> [Task statement]:
The records below need copying. Match each line exactly.

--- START ---

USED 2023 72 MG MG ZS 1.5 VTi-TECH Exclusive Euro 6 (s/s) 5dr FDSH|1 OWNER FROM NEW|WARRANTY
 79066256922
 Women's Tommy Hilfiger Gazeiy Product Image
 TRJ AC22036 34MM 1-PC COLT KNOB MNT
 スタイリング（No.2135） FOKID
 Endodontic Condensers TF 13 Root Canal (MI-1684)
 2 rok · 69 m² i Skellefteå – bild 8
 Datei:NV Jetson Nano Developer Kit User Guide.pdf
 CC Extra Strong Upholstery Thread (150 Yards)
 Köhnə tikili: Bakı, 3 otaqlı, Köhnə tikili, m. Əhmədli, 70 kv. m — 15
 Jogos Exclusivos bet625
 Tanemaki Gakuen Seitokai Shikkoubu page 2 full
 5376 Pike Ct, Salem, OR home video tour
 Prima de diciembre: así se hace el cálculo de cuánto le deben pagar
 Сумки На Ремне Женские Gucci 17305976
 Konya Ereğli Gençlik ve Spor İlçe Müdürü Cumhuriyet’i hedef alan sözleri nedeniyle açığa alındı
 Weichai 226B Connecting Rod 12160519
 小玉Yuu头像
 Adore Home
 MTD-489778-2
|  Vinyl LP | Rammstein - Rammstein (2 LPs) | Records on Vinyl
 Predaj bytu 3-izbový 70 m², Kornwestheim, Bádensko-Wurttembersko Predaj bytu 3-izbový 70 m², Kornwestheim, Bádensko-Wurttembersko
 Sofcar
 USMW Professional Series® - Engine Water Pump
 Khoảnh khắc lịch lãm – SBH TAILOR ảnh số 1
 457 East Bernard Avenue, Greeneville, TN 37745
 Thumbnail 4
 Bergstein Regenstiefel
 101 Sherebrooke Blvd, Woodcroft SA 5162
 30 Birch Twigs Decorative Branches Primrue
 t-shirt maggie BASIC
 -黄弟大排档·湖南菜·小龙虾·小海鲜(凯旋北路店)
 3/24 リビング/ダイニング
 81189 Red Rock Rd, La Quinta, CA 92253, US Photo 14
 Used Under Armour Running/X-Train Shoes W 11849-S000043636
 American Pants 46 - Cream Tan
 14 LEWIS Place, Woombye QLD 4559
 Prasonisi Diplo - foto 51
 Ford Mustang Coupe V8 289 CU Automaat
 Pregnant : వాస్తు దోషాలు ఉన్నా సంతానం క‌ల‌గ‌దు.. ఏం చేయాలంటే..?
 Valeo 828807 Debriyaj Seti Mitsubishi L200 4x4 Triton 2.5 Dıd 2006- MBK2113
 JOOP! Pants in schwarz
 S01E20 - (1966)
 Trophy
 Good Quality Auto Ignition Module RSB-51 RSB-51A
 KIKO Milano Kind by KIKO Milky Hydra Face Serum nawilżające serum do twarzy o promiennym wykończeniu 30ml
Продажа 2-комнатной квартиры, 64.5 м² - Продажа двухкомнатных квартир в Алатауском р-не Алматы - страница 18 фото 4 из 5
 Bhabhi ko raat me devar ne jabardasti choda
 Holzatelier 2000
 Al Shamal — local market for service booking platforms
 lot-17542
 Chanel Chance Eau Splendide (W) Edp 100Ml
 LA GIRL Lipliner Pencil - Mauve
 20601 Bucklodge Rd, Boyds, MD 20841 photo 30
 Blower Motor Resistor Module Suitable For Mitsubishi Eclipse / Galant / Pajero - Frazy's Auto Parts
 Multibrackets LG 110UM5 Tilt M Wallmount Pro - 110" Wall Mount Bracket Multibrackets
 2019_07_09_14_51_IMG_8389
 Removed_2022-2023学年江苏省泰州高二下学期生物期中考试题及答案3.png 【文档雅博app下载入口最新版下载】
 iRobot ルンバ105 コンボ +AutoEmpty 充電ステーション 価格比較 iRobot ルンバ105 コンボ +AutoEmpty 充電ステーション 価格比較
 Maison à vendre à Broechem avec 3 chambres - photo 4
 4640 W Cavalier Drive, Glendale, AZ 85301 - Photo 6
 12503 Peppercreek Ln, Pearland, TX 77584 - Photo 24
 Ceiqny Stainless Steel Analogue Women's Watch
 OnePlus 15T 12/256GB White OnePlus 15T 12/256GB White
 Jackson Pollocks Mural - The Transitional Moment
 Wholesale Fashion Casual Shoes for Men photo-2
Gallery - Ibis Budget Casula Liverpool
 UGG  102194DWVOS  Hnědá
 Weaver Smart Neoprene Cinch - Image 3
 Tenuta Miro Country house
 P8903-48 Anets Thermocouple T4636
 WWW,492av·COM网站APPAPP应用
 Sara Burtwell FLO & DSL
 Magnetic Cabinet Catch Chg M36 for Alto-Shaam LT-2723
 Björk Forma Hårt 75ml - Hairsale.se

--- END ---

> [Task result]:
USED 2023 72 MG MG ZS 1.5 VTi-TECH Exclusive Euro 6 (s/s) 5dr FDSH|1 OWNER FROM NEW|WARRANTY
 79066256922
 Women's Tommy Hilfiger Gazeiy Product Image
 TRJ AC22036 34MM 1-PC COLT KNOB MNT
 スタイリング（No.2135） FOKID
 Endodontic Condensers TF 13 Root Canal (MI-1684)
 2 rok · 69 m² i Skellefteå – bild 8
 Datei:NV Jetson Nano Developer Kit User Guide.pdf
 CC Extra Strong Upholstery Thread (150 Yards)
 Köhnə tikili: Bakı, 3 otaqlı, Köhnə tikili, m. Əhmədli, 70 kv. m — 15
 Jogos Exclusivos bet625
 Tanemaki Gakuen Seitokai Shikkoubu page 2 full
 5376 Pike Ct, Salem, OR home video tour
 Prima de diciembre: así se hace el cálculo de cuánto le deben pagar
 Сумки На Ремне Женские Gucci 17305976
 Konya Ereğli Gençlik ve Spor İlçe Müdürü Cumhuriyet’i hedef alan sözleri nedeniyle açığa alındı
 Weichai 226B Connecting Rod 12160519
 小玉Yuu头像
 Adore Home
 MTD-489778-2
|  Vinyl LP | Rammstein - Rammstein (2 LPs) | Records on Vinyl
 Predaj bytu 3-izbový 70 m², Kornwestheim, Bádensko-Wurttembersko Predaj bytu 3-izbový 70 m², Kornwestheim, Bádensko-Wurttembersko
 Sofcar
 USMW Professional Series® - Engine Water Pump
 Khoảnh khắc lịch lãm – SBH TAILOR ảnh số 1
 457 East Bernard Avenue, Greeneville, TN 37745
 Thumbnail 4
 Bergstein Regenstiefel
 101 Sherebrooke Blvd, Woodcroft SA 5162
 30 Birch Twigs Decorative Branches Primrue
 t-shirt maggie BASIC
 -黄弟大排档·湖南菜·小龙虾·小海鲜(凯旋北路店)
 3/24 リビング/ダイニング
 81189 Red Rock Rd, La Quinta, CA 92253, US Photo 14
 Used Under Armour Running/X-Train Shoes W 11849-S000043636
 American Pants 46 - Cream Tan
 14 LEWIS Place, Woombye QLD 4559
 Prasonisi Diplo - foto 51
 Ford Mustang Coupe V8 289 CU Automaat
 Pregnant : వాస్తు దోషాలు ఉన్నా సంతానం క‌ల‌గ‌దు.. ఏం చేయాలంటే..?
 Valeo 828807 Debriyaj Seti Mitsubishi L200 4x4 Triton 2.5 Dıd 2006- MBK2113
 JOOP! Pants in schwarz
 S01E20 - (1966)
 Trophy
 Good Quality Auto Ignition Module RSB-51 RSB-51A
 KIKO Milano Kind by KIKO Milky Hydra Face Serum nawilżające serum do twarzy o promiennym wykończeniu 30ml
Продажа 2-комнатной квартиры, 64.5 м² - Продажа двухкомнатных квартир в Алатауском р-не Алматы - страница 18 фото 4 из 5
 Bhabhi ko raat me devar ne jabardasti choda
 Holzatelier 2000
 Al Shamal — local market for service booking platforms
 lot-17542
 Chanel Chance Eau Splendide (W) Edp 100Ml
 LA GIRL Lipliner Pencil - Mauve
 20601 Bucklodge Rd, Boyds, MD 20841 photo 30
 Blower Motor Resistor Module Suitable For Mitsubishi Eclipse / Galant / Pajero - Frazy's Auto Parts
 Multibrackets LG 110UM5 Tilt M Wallmount Pro - 110" Wall Mount Bracket Multibrackets
 2019_07_09_14_51_IMG_8389
 Removed_2022-2023学年江苏省泰州高二下学期生物期中考试题及答案3.png 【文档雅博app下载入口最新版下载】
 iRobot ルンバ105 コンボ +AutoEmpty 充電ステーション 価格比較 iRobot ルンバ105 コンボ +AutoEmpty 充電ステーション 価格比較
 Maison à vendre à Broechem avec 3 chambres - photo 4
 4640 W Cavalier Drive, Glendale, AZ 85301 - Photo 6
 12503 Peppercreek Ln, Pearland, TX 77584 - Photo 24
 Ceiqny Stainless Steel Analogue Women's Watch
 OnePlus 15T 12/256GB White OnePlus 15T 12/256GB White
 Jackson Pollocks Mural - The Transitional Moment
 Wholesale Fashion Casual Shoes for Men photo-2
Gallery - Ibis Budget Casula Liverpool
 UGG  102194DWVOS  Hnědá
 Weaver Smart Neoprene Cinch - Image 3
 Tenuta Miro Country house
 P8903-48 Anets Thermocouple T4636
 WWW,492av·COM网站APPAPP应用
 Sara Burtwell FLO & DSL
 Magnetic Cabinet Catch Chg M36 for Alto-Shaam LT-2723
 Björk Forma Hårt 75ml - Hairsale.se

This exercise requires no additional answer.